• Exercise description:
Exact copy, no pictures: every line from the one that contains "Manuflex Ansatztisch UNIVERSAL" through the end of the data below, and nothing else.

• Recorded information:
************

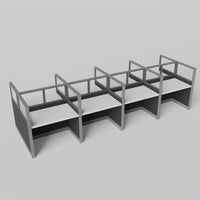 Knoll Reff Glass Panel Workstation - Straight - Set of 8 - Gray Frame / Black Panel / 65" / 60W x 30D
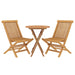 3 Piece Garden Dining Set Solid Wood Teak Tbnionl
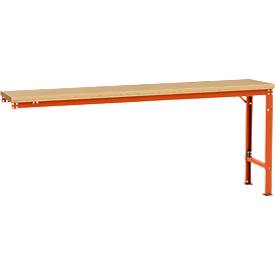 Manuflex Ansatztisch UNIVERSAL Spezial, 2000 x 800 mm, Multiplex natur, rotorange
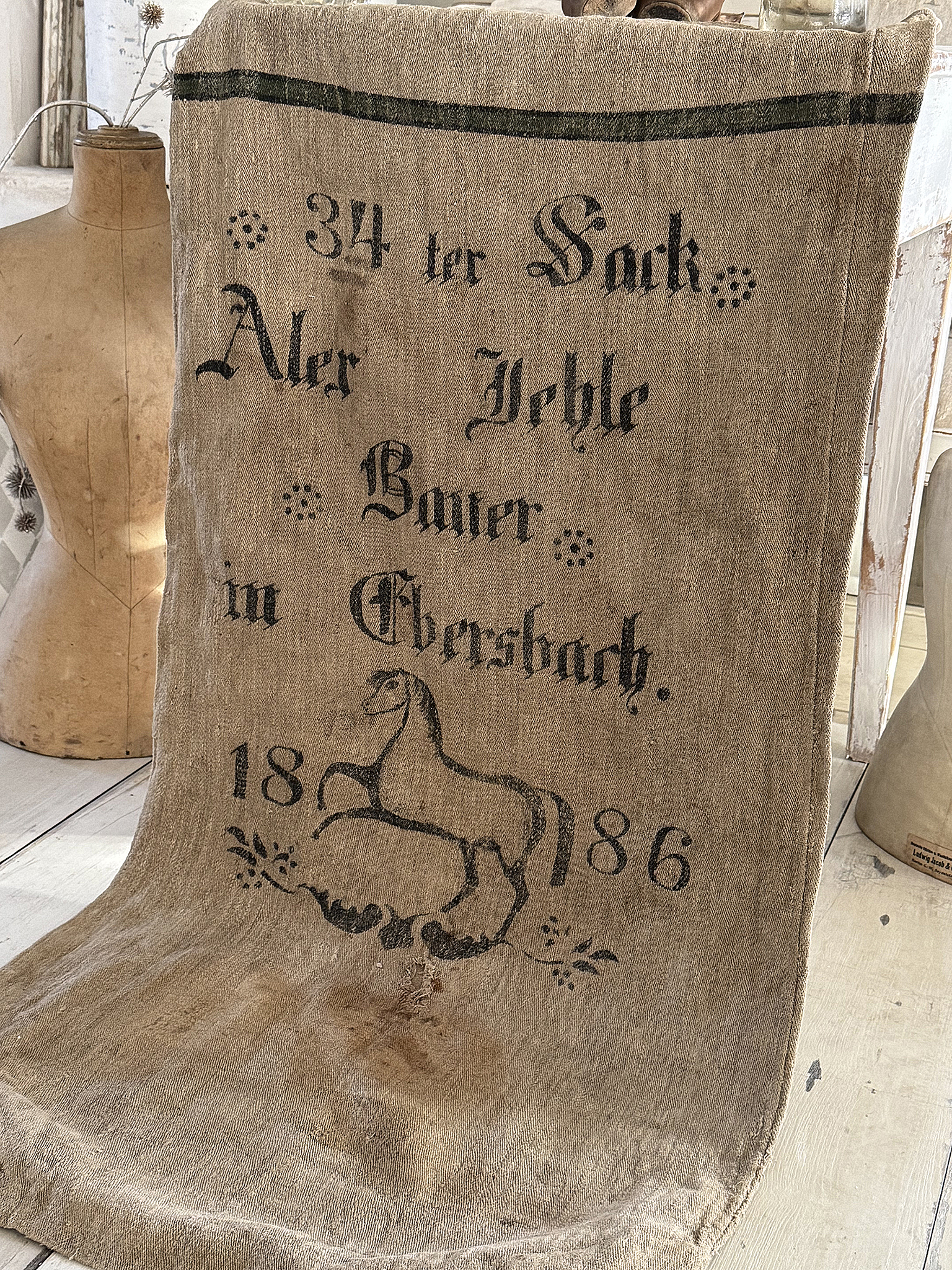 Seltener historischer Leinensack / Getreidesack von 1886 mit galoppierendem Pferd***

************

• Reply to the task:
 Manuflex Ansatztisch UNIVERSAL Spezial, 2000 x 800 mm, Multiplex natur, rotorange
 Seltener historischer Leinensack / Getreidesack von 1886 mit galoppierendem Pferd***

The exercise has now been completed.